Two months after the initial hospitalization, the patient presented to the emergency department with symptoms similar to those at onset, the main complaint being fatigue. Following his first admission, he had returned to normal physical activity, but two weeks after resuming it, he developed an upper respiratory infection characterized by weakness and rhinorrhea without fever. No laboratory tests were performed at that time; however, follow-up tests recommended after the first hospitalization demonstrated a gradual decline in transaminases activity, culminating in a brief normalization of aminotransferases levels.
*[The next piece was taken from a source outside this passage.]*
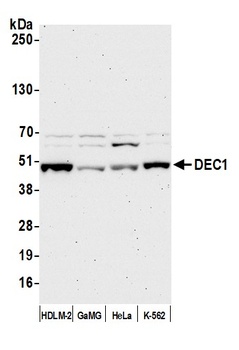 Rabbit DEC1 Antibody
During his second admission, laboratory evaluation revealed a marked increase in hepatic inflammation markers, with ALT reaching 1503 U/L and AST 575 U/L, both showing a progressive upward trend throughout the hospital stay (Figure 1B). In view of the clinical presentation, repeat testing was performed to exclude acute HBV, HCV, HIV, EBV, and cytomegalovirus infections, all of which returned negative results.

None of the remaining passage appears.